Suhakam chief Abu Talib Othman - a former attorney-general - has expressed his dissatisfaction over the conduct of judges who were involved in the controversial trials, and subsequent appeals, of former deputy prime minister Anwar Ibrahim.
In a hard-hitting interview with malaysiakini yesterday, Human Rights Commission (Suhakam) chairperson Abu Talib was surprisingly frank and open over the shortcomings of the judiciary in Malaysia.
"As far as the court is concerned, I think it is very important that judges conduct themselves in such a way as to enhance public confidence in the administration of justice. There cannot be two clearly different decisions on a similar case," he said when asked to comment on Anwar’s appeals.
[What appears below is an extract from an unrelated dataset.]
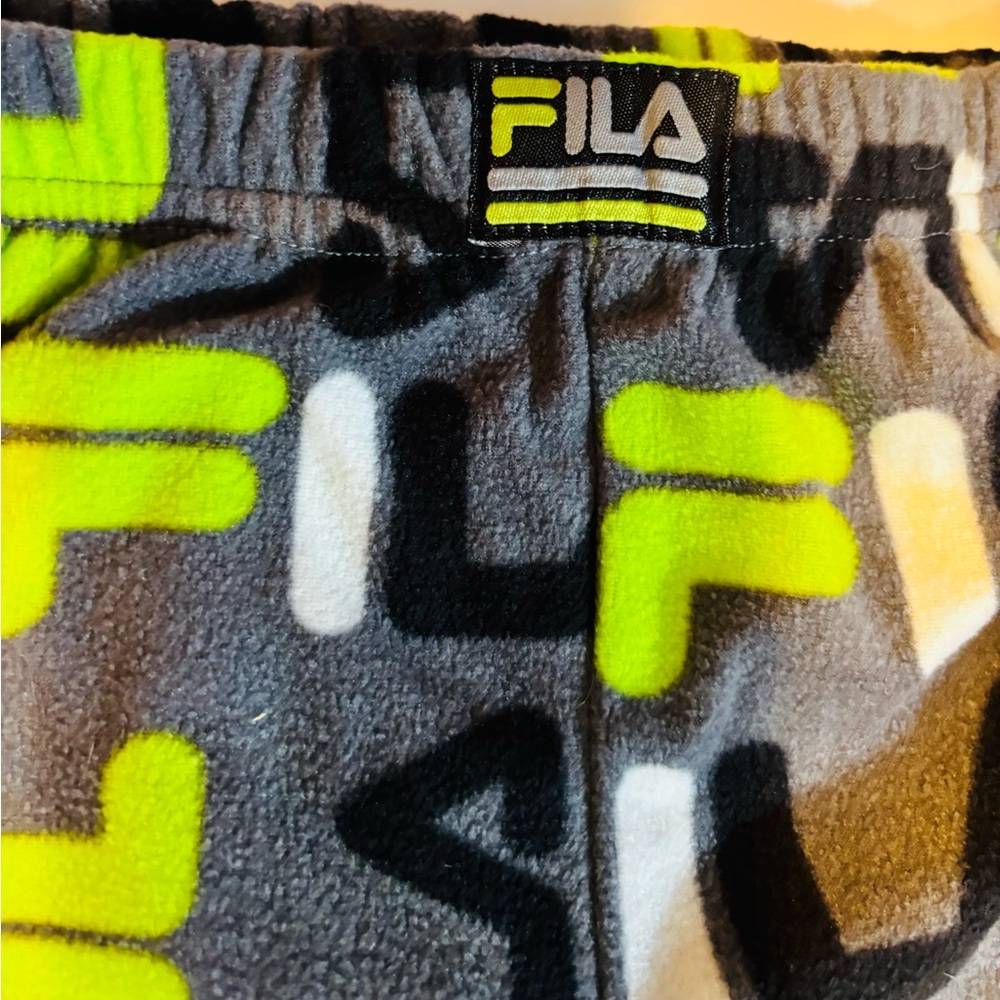 Fila Kids Pajama Bottoms - Black, White, and Yellow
The judiciary has come under scrutiny for dismissing Anwar’s first appeal against corruption charges although in a previous decision the Federal Court had cleared the former deputy premier’s lawyer Zainur Zakaria of contempt of court charges arising from the same case.
Zainur was charged with contempt by High Court judge Augustine Paul in 1998 after he filed an application seeking the removal of prosecutors Abdul Gani Patail and Azhar Mohamad for allegedly ‘pressurising’ a witness to fabricate evidence of sexual misconduct against Anwar.
The Federal Court judges found that Paul had acted "as though he was arguing on behalf of the two prosecutors" and subsequently overturned the high court decision.
In addition, the same matter was raised by Anwar’s lawyers in his second appeal against sodomy in the appellate court which was unanimously dismissed last Friday.
Judges to self-examine
Abu Talib added that the courts should have been transparent in giving reasons for their decisions in matters involving public interest.
"For these judges (in the Anwar Ibrahim appeal case), I think they should examine themselves and be sure that justice is not only done but seen to be done in all cases," he asserted.
The Suhakam chief said during his 14-year stint as attorney-general from 1980 to 1993, judges very rarely did not provide judgments for their decisions.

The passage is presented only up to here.